Git for Humans from A Book Apart
I’ve been creating web stuff for over 10 years, and i’ve been working with Git for probably the last 4 or 5 of those. So I consider myself relatively rote in basic Git commands like commit, push, pull, etc. However, I’ve never felt like I really understood Git, so I grabbed this book thinking it might help. One of the more lasting impressions this book left me was a concept introduced in the preface of the book by Mandy Brown:
Knowing when and how to commit a change is more than just a means of updating code—it’s also a practice for communicating and sharing work. ... By all means, devour the following chapters in order to t understand how to manage merge conflicts and interpret a log. But don’t forget that Git’s ultimate audience isn’t machines—it’s humans.
This idea of looking at Git as a communication tool is reinforced throughout the entire book. Git can be seen as a way to tell a story about what’s happening to your codebase in a way that’s much “closer to the metal” than other communication tools Slack or email. It’s made me rethink my actions in Git, like how I craft commit messages, how I tag branches, and how I propose and merge pull requests. These can be viewed as more than commands in the terminal but as methods of communicating to humans in the story book of a project, Git becomes a powerful tool of communication over the life arc of your codebase.

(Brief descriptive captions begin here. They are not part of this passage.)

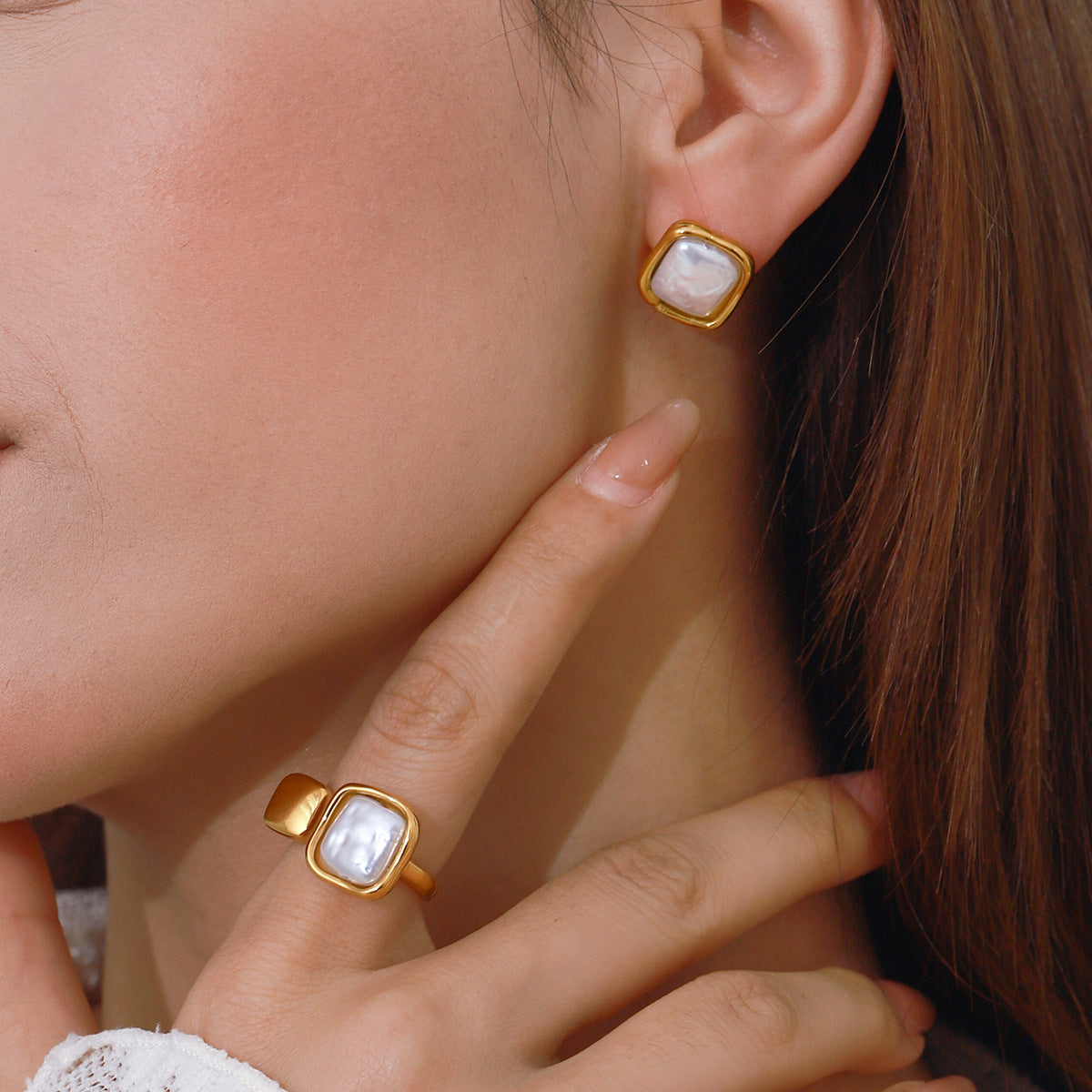 Elegant Geometric Pearl Inlay Stainless Steel Earrings with Titanium Steel Posts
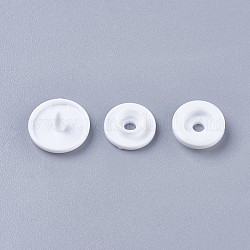 Fermetures à pression en résine, boutons imperméables, plat rond, blanc, bouchon: 12x6.5mm, pin: 2 mm, stud: 10.5x3.5mm, Trou: 2mm, prise: 10.5x3 mm, Trou: 2mm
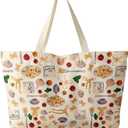 Large Tote Bag for Women - Canvas Tote Bag with Zipper Aesthetic Reusable Shoulder Bag for Gym, Travel, Work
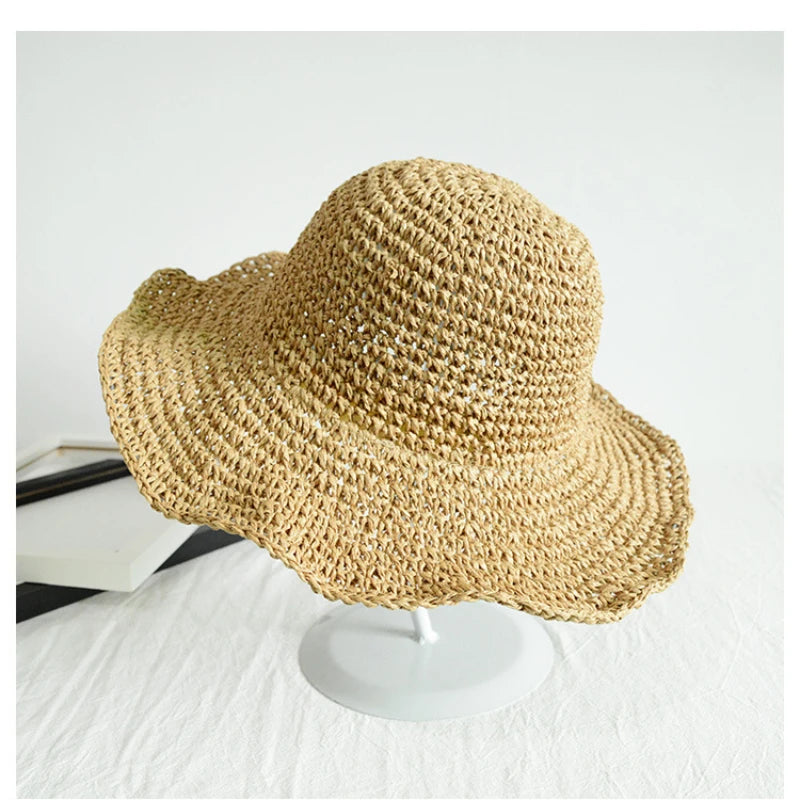 Meadow™ | Beach Hat Women's Sunscreen Cap Simple Women's Panama Straw Hat Summer Sun Hat for Women Lady Foldable Travel Caps 10cm Brim Floppy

For example, when I was first introduced to Git I thought it rather laborious. I liked the idea of saving changes often but having to write a message for every save? That seemed a bit much. Which is why my commit history looked something like:
Initial work on sidebar widgetmore changesstill more changeslast changeok this is the last change
Now after reading this book, I want to be more thoughtful in my approach to Git and commit messages. I want to have the change of mindset the author himself had and describes in the book:
I came to appreciate the benefits of having every signification version of my projects stored, annotated, and neatly organized ... [it helped me] to think of commits as significant changes, as opposed to the hundreds of little changes I might save in a given hour. The extra steps involved in committing ... have ultimately helped me develop a more thoughtful and judicious way of working.
I think if you work in Git long enough, you’ll begin to appreciate how all those little commits and actions stack up over the course of a project. To have a couple year-old project that is beautifully documented in Git is something you’ll never get through shortcuts. You’ll only get it through disciplined, thoughtful work over a long span of time. Chris Beams talks about this in his article “How to Write a Git Commit Message”. He begins by showing two examples of commit histories, one earlier in his project when he wasn’t caring about commit messages and the other later in the project when he began caring:
The former varies wildly in length and form; the latter is concise and consistent. The former is what happens by default; the latter never happens by accident.
If you’ve worked in software, you know the truth of those words: “the former is what happens by default, the latter never happens by accident”. The author of “Git for Humans” touches on this same point in his book:
Every commit you add to your repository contributes to the historical record of your project, so it’s a good idea to make the best, most meaningful commits you can.
That’s what I enjoyed most about this book. I didn’t come away with a lot of technical tips and tricks on using Git (though I’m sure as a newbie to Git you could gain precisely that). Rather, I came away with a broader view of Git as a tool and a process. Git can be about version control, yes. But it can also be about regular people making changes, evolving a code base, crafting a history, and doing it all together. Git can be a story, the story of your time with other people on a project, a biography of yourself, your team, and your product.